→ Given entries

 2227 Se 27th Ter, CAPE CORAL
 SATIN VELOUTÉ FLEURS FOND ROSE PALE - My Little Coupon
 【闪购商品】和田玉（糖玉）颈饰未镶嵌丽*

---

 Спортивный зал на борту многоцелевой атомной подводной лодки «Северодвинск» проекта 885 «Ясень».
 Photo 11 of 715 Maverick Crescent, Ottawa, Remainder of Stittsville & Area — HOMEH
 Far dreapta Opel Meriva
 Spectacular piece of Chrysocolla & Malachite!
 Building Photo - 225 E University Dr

...

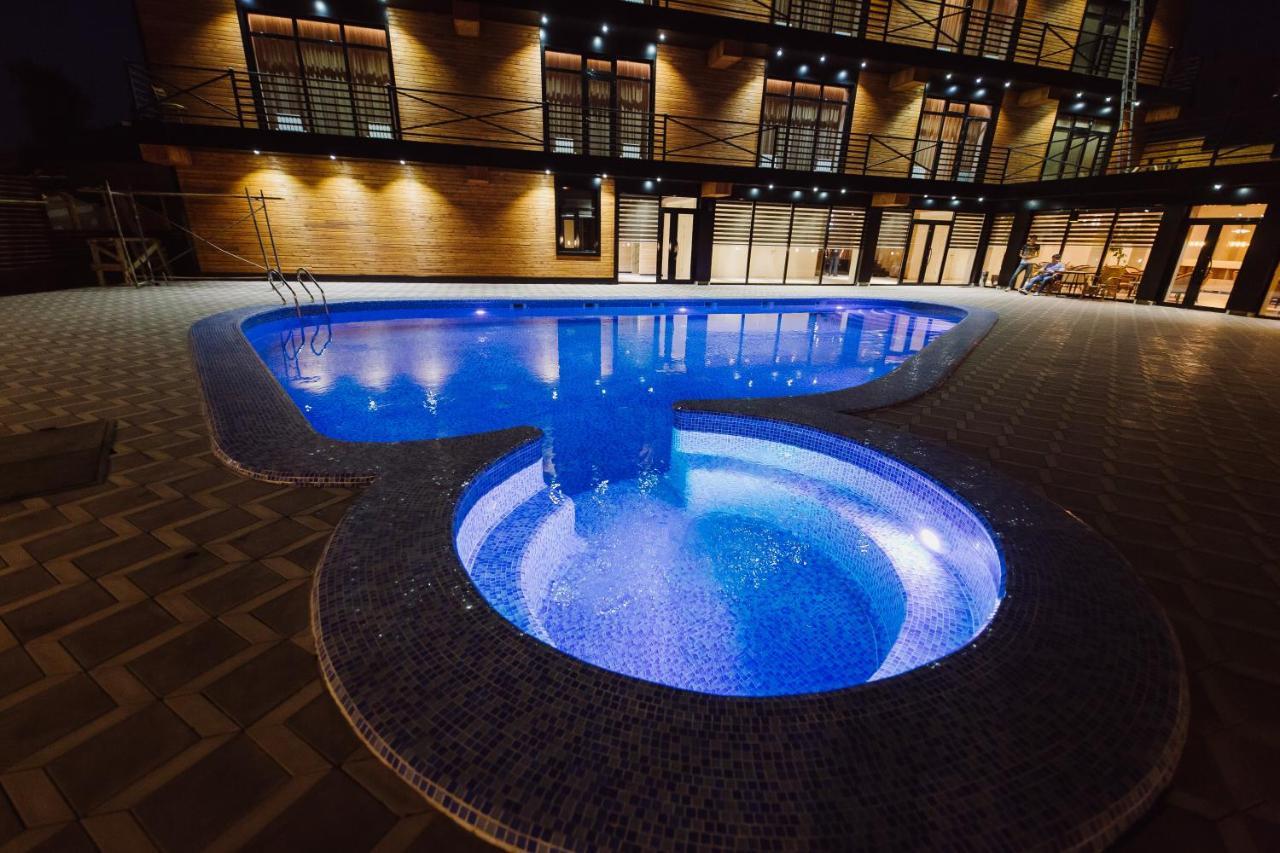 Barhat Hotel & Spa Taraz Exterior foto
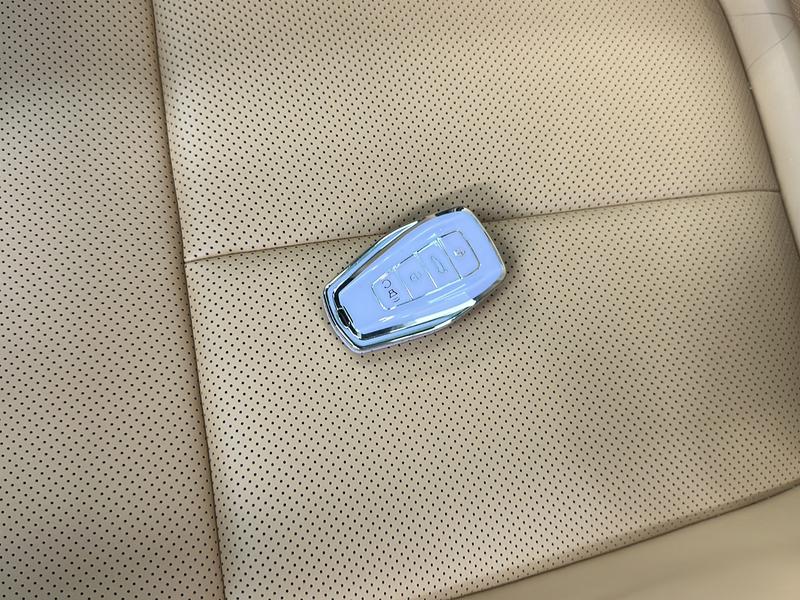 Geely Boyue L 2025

→ The task
Output the lines of the records above exactly as they appear, from the line containing "Far dreapta Opel Meriva" through the line containing "Building Photo - 225 E University Dr".

→ Written solution
 Far dreapta Opel Meriva
 Spectacular piece of Chrysocolla & Malachite!
 Building Photo - 225 E University Dr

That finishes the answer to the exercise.